* Data records
□ □ □ □

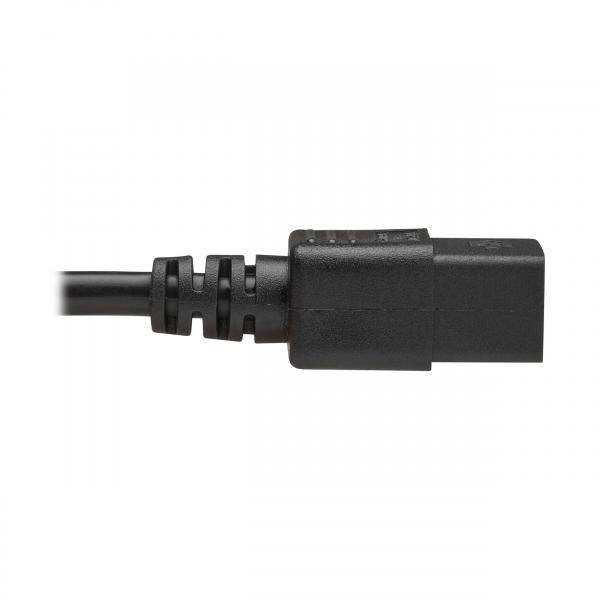 Eaton POWER CABLE C20 TO C19 H05VV-F Kabel 2 m
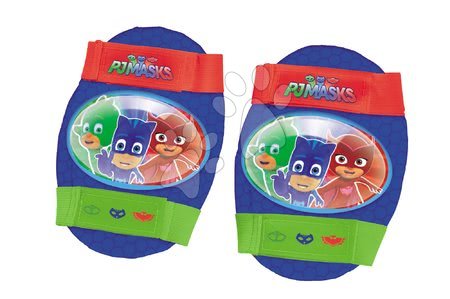 Dětské kolečkové brusle - Kolečkové brusle s chrániči PJ Masks Mondo - 2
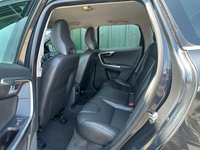 USED 2017 17 VOLVO XC60 2.0 D4 SE Lux Nav SUV 5dr Diesel Auto Euro 6 (s/s) (190 ps) Heated seats - R/Sensors - Xenons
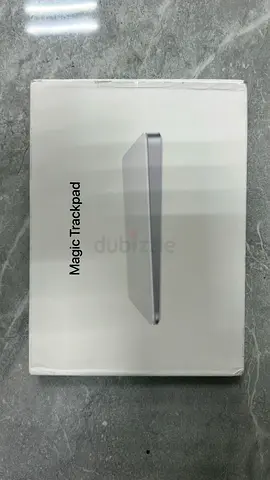 APPLE MAGIC TRACKPAD (USB-C)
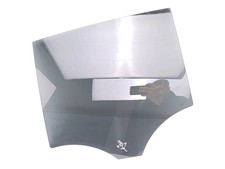 Mercedes-Benz GLE (W166 - C292) 2016 Fenster Scheibe T&uuml;r hinten A2927350310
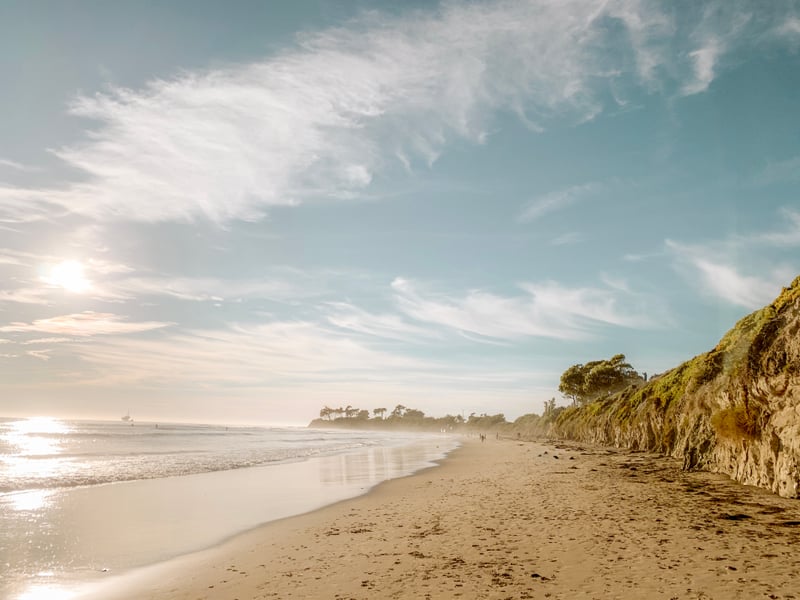 Ocean Beach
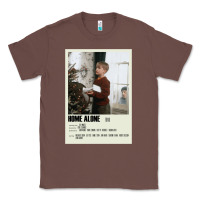Home Alone Alternative Poster Art Movie Large (1) Classic . Classic Tee | Teevron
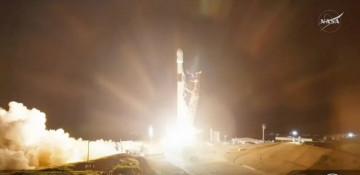 SpaceX achieves 500th orbital launch with Sentinel-6B mission -  VIDEO 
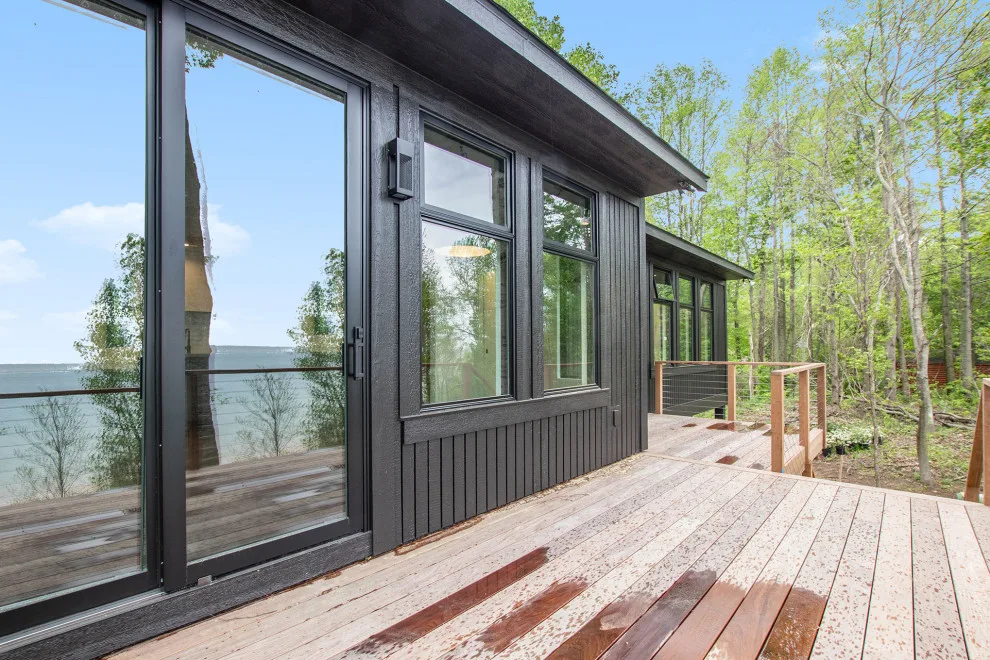 Modern Beechwood Industrial by Meiste Homes - Photo 4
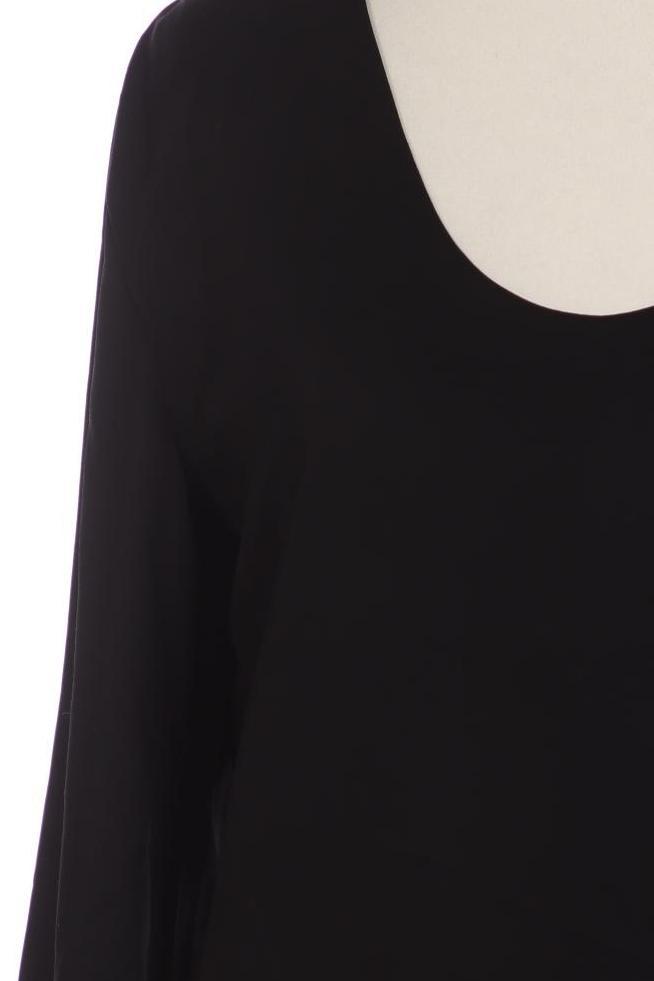 Zero Chemise Femme Noir Taille S 6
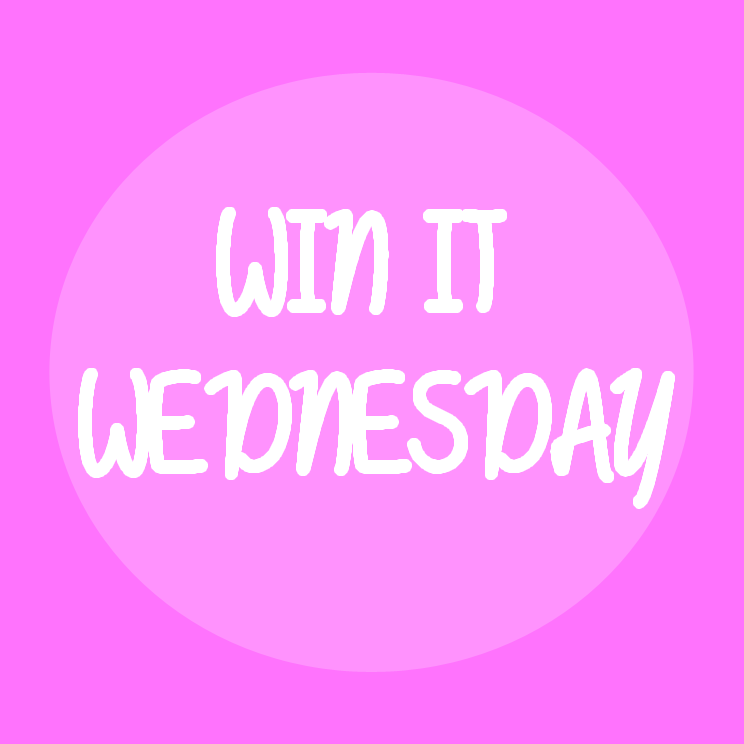 #winitwednesday  base of many freebies and huge discounts!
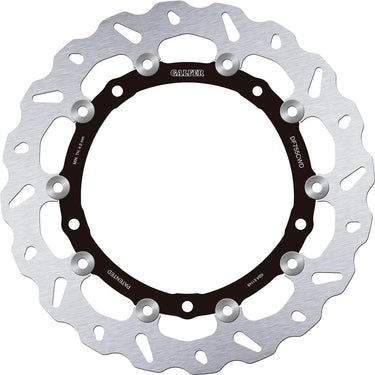 Galfer remschijf df 755 rotor brake rotors floating right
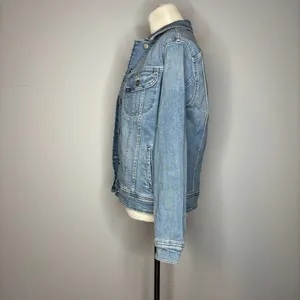 Lee- Denim Jacket thumbnail 4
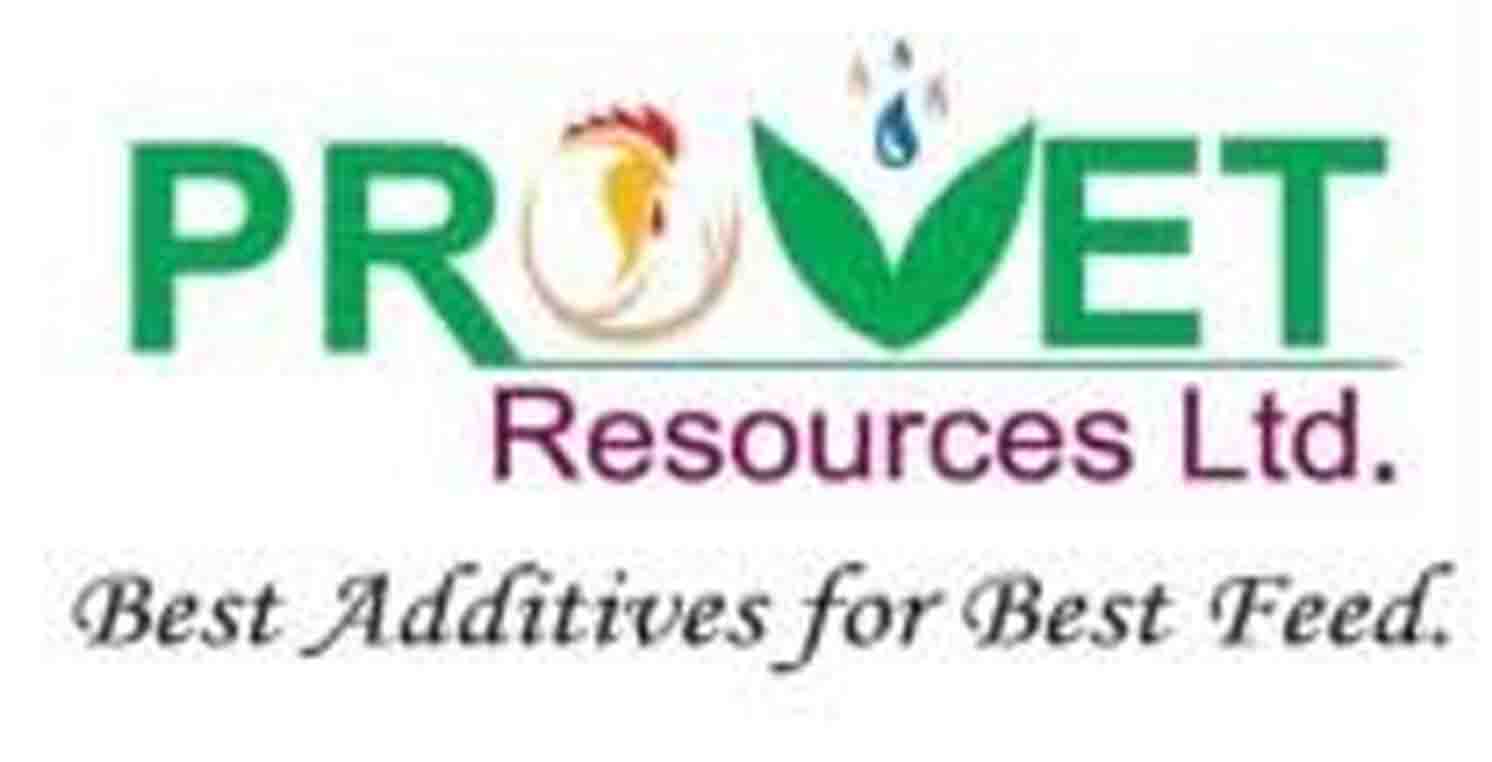 Provet Resources Limited logo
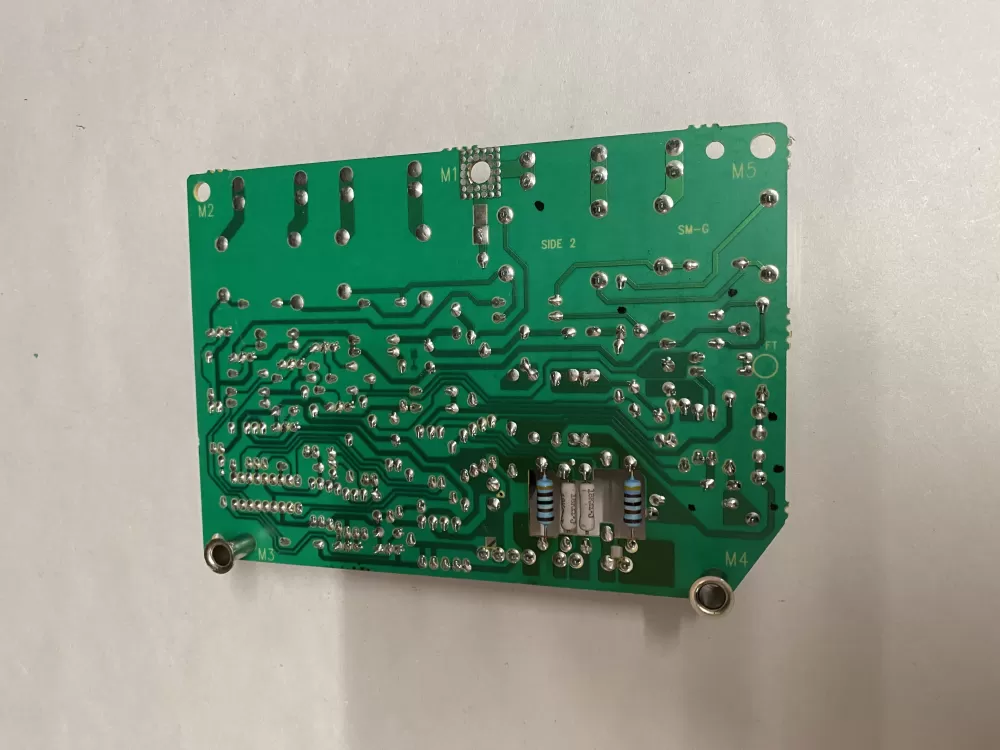 Whirlpool W10511278 Oven Spark Module Control Board AZ207118 | BK2212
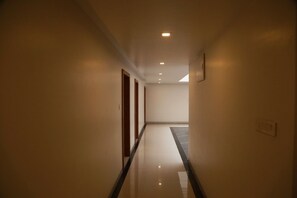 Interior - Hotel Orange Flag - Renuka Enterprises (Fulambri)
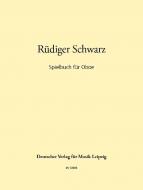 Spielbuch für Oboe 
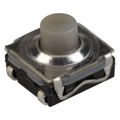 KST221J - SWITCH TACTILE SPST-NO 0.05A 32V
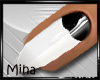 [M] Lush - Inverse White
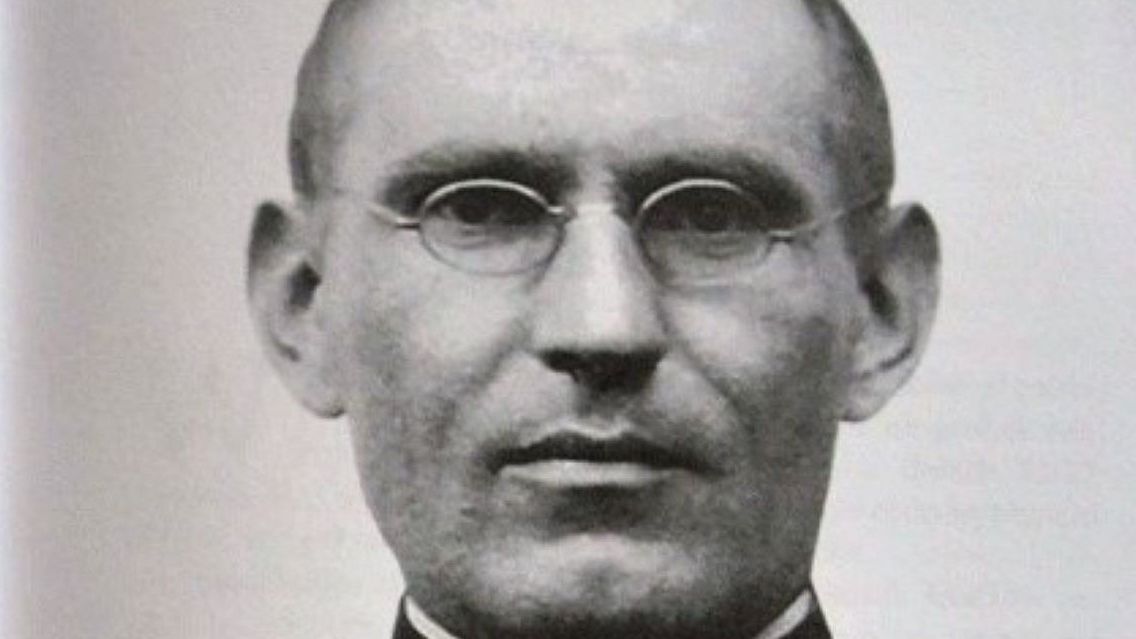 Ks. Jan Szczepański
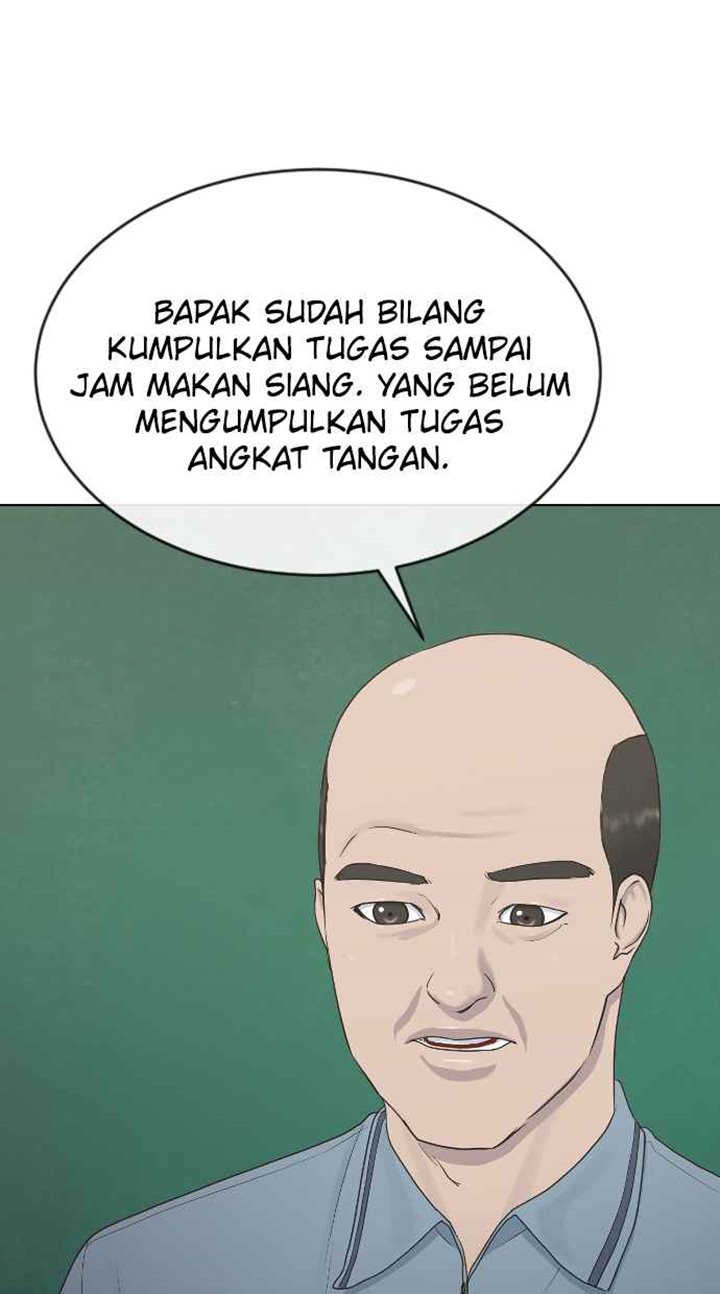 Hypnosis School Bab 18 halaman 42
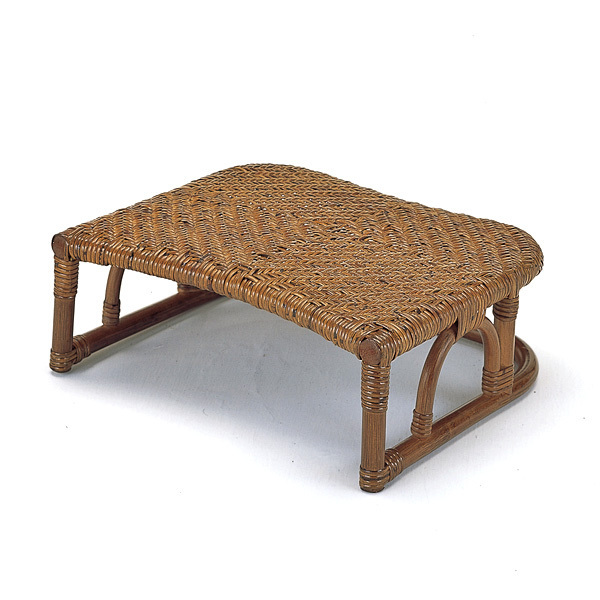 籐 大判正座器 W450×D390×H160mm C-71Bの商品画像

□ □ □ □

* Assigned task
Above are some entries. Restate word for word the lines from the one holding "APPLE MAGIC TRACKPAD (USB-C)" through the one holding "Lee- Denim Jacket thumbnail 4", but not the pictures.

* Answer for the task
 APPLE MAGIC TRACKPAD (USB-C)
 Mercedes-Benz GLE (W166 - C292) 2016 Fenster Scheibe T&uuml;r hinten A2927350310
 Ocean Beach
Home Alone Alternative Poster Art Movie Large (1) Classic . Classic Tee | Teevron
 SpaceX achieves 500th orbital launch with Sentinel-6B mission -  VIDEO 
 Modern Beechwood Industrial by Meiste Homes - Photo 4
 Zero Chemise Femme Noir Taille S 6
 #winitwednesday  base of many freebies and huge discounts!
 Galfer remschijf df 755 rotor brake rotors floating right
 Lee- Denim Jacket thumbnail 4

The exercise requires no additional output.